What I want to talk about today as my closing lecture is some of those modern claims made on ancient identities.But, instead of focusing on the most extreme voices, my interest is in looking at those misrepresentations done by fellow academics or as part of mainstream culture.

In my first lecture and in other lectures by speakers and in classrooms at the Institute this week, we have looked at the ways in which the ancient world was a true plurality under the heading of thinking through the phrase e pluribus unum, from many one. We have, in most cases, treated this phrase as an ideal to which we as Americans can and should aspire. Remember our melting pot and salad bowl?


My own talks have discussed Greece from e pluribus plures to ex uno unum wondering what happened when ancient Athens rejected the plurality of Greekness and decided to emphasize and engineer its own exceptionalism. What I want to ask today is how these tensions between plures and unum have functioned in our own modern context and how the ancient world has been shaped by and used by those who would see classics as support for an Athenian-style rejection of the plurality that is our country and our world. We academic classicists have enabled and encouraged this in our own practices.

Enablers

In the shaping of the discipline that is Classics, we have repeatedly attempted to create an unum out of the variety and diversity that is antiquity, but our discipline has never truly embraced that variety and has instead restricted it. Under the heading of ‘classics’, our modern discipline has narrowed the ancient Mediterranean world to ‘Greek’ and ‘Roman’, constrained it in time between roughly 800 BCE-500 CE (but, who are we kidding, really 200 CE), and elevated Greek and Roman cultures to an alleged 'superiority' over Egyptian, Persian, Judaic, Arabian, Kushite, Indian, Chinese, Armenian, Scyth, and many others. Those peoples appear in our discipline but only as curiosities, as exoticisms, and only in so-called‘non-traditional’ courses and scholarship.

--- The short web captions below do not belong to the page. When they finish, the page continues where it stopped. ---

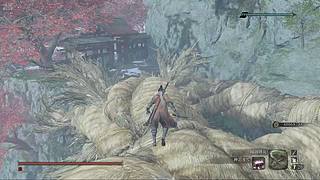 冰冷无情雨的直播间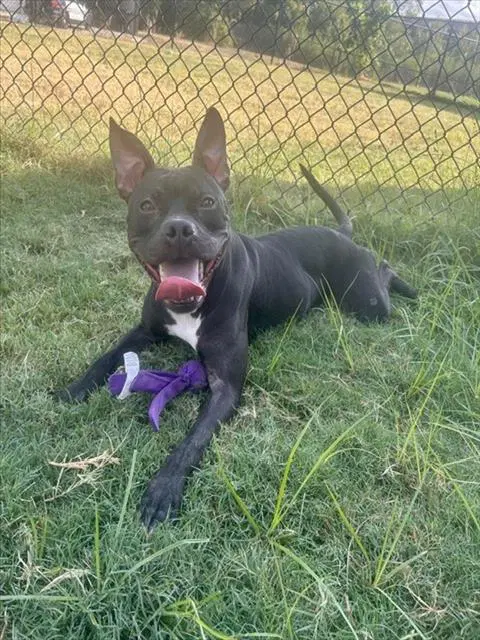 Unknown - Pit Bull Terrier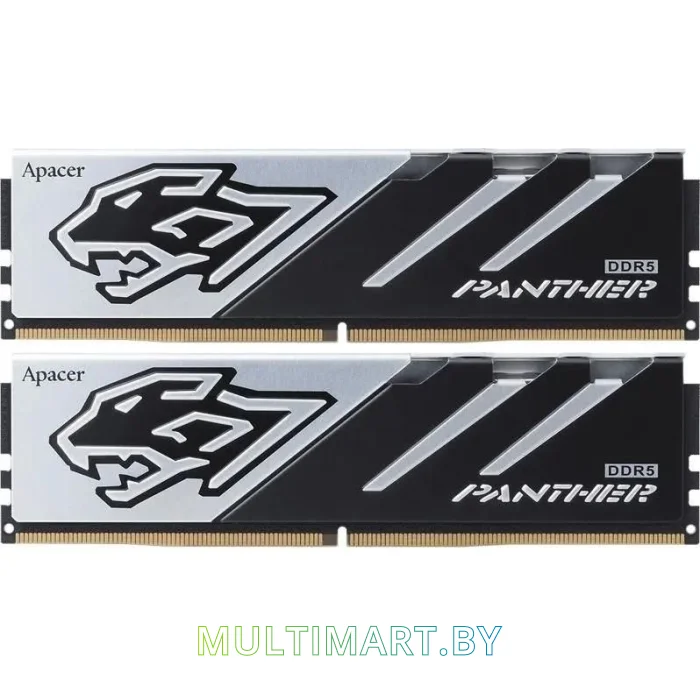 Оперативная память Apacer Panther 2x16GB DDR5 PC5-51200 (AH5U32G64C5527BAA-2)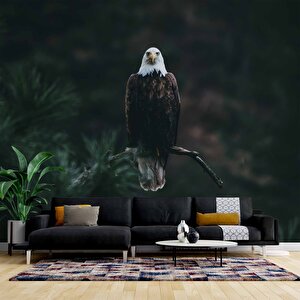 Kartal Temalı Duvar Kağıdı Baskı - Dkm504092 300x300 cm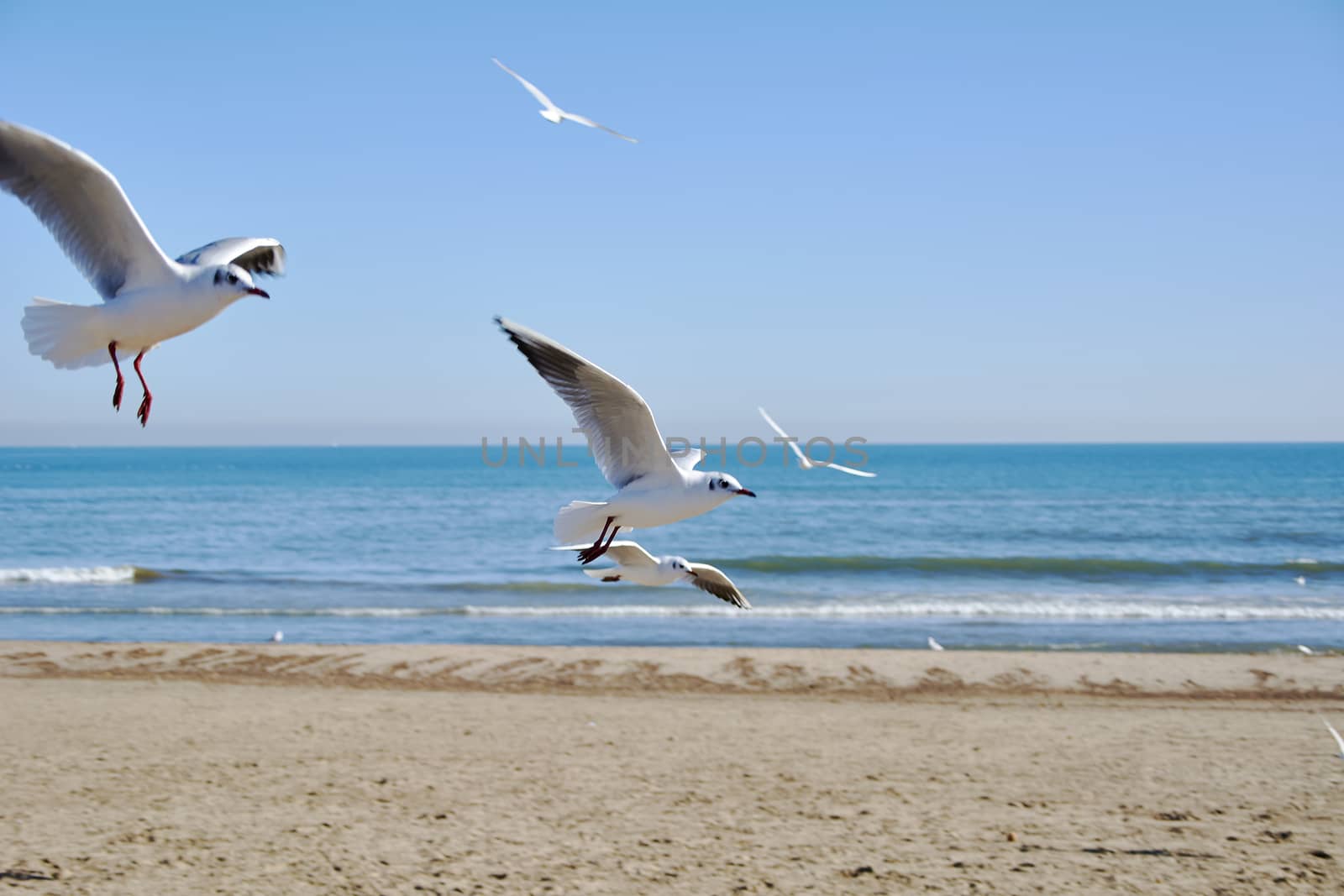 Set of seagulls flying on the beach, sand, flight, sunny day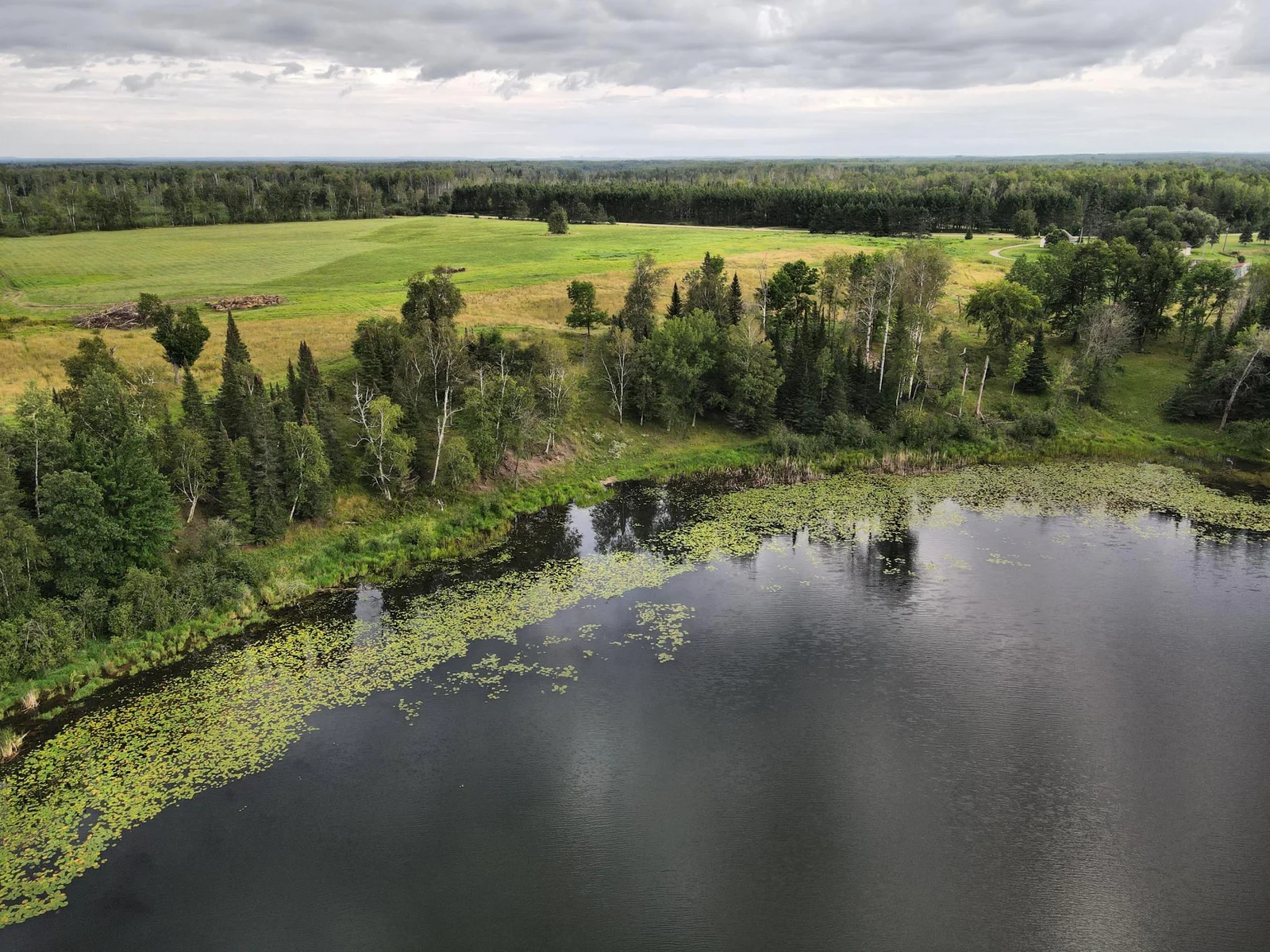 Shoreline Lots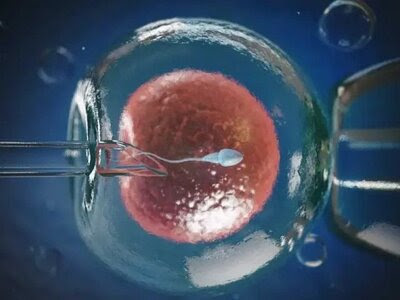 ગોવા નિશુલ્ક IVF સારવાર આપનાર દેશનું પ્રથમ રાજ્ય બન્યું.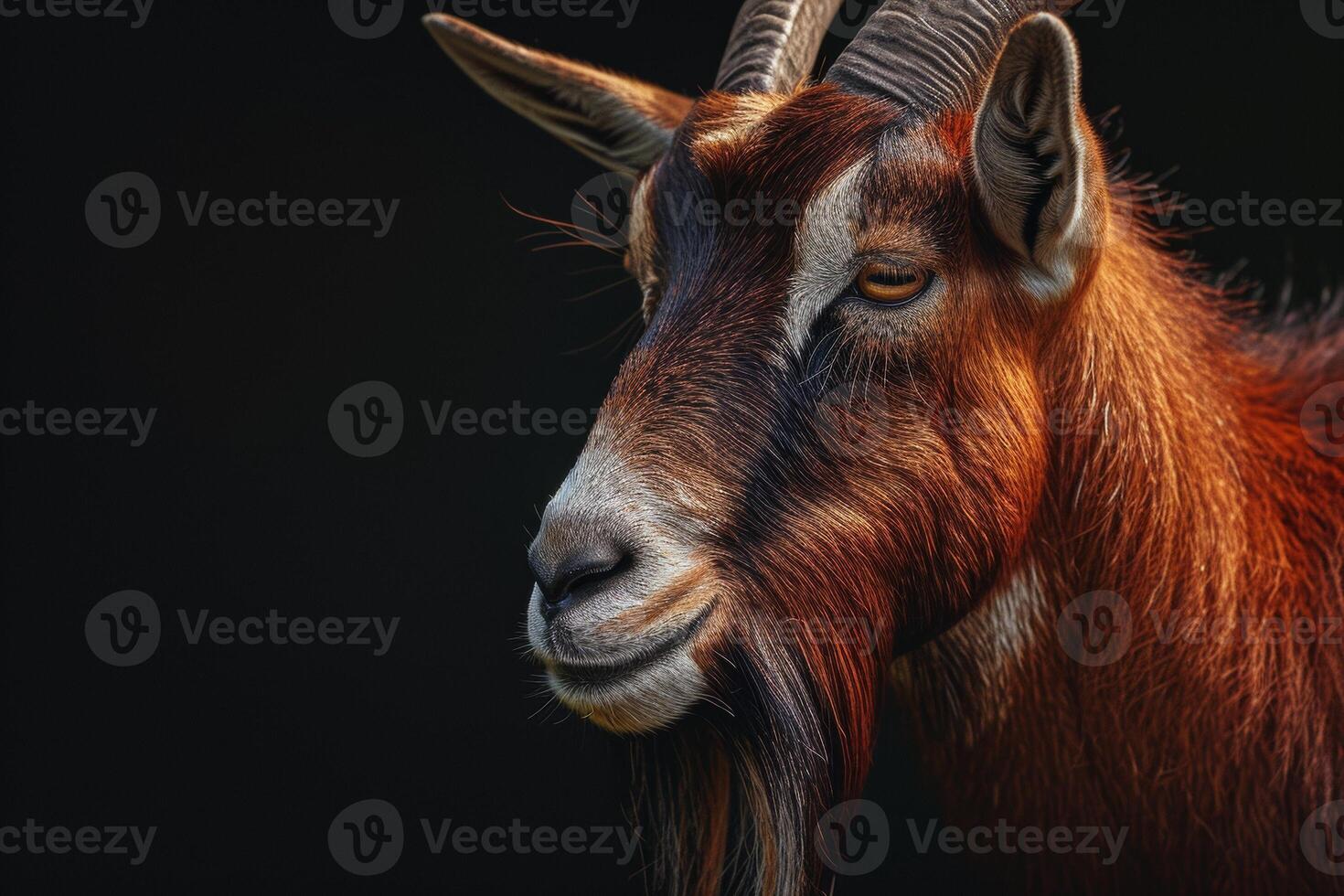 Portrait of a red mountain goat on black background photo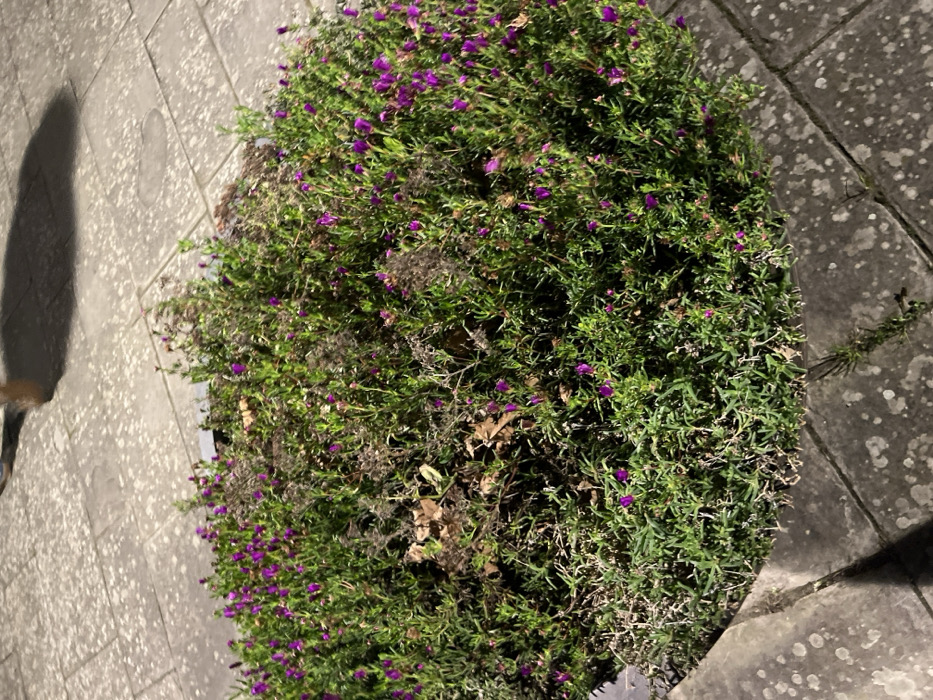 This overhead image captures an oval-shaped plant bed or large planter set into a paved surface, likely a sidewalk or outdoor path in Fiesole, Italy. The planter is densely filled with lush green foliage and numerous small, vibrant purple flowers, though some areas of the plant bed show signs of drier or browning vegetation.
The ground surrounding the planter is paved with light-colored, textured stones. A prominent, long, dark shadow of a person or an object stretches diagonally across the pavement to the left of the planter, suggesting artificial light is illuminating the scene. The lighting and the distinct shadow indicate the photograph was taken during the evening or night.
No specific activity is taking place, and no people are visible, only the shadow. The image presents a quiet, natural scene focusing on the plant life in an urban or garden setting. There is no visible text in the image.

The discipline of classics has also traditionally compressed the varieties of identities, peoples, and cultures of the Greek and Roman worlds themselves under these names of 'Greece' and ‘Rome', limiting our teaching to primarily Athens and to the city of Rome or maybe Italy. It has always struck me how on the literature side, we narrow ‘Greece” from the broad representation of the Greek world found in the so-called ‘archaic’ authors to almost exclusively Athenian voices in our so called ‘classical’ canon and then dismiss much of the variety and vibrancy of what we call the 'Hellenistic' period. We also forget that these labels--Archaic, Classical, Hellenistic--come from judgements made by art historians on the development of sculpture and painting from Greece. They are evolutionary and value judgements--archaic is considered un(der)developed (though they tend to excise Homer as his own ‘period’), ‘classical’ is the best, 'hellenistic' derivative and only ‘Greek-like', impure.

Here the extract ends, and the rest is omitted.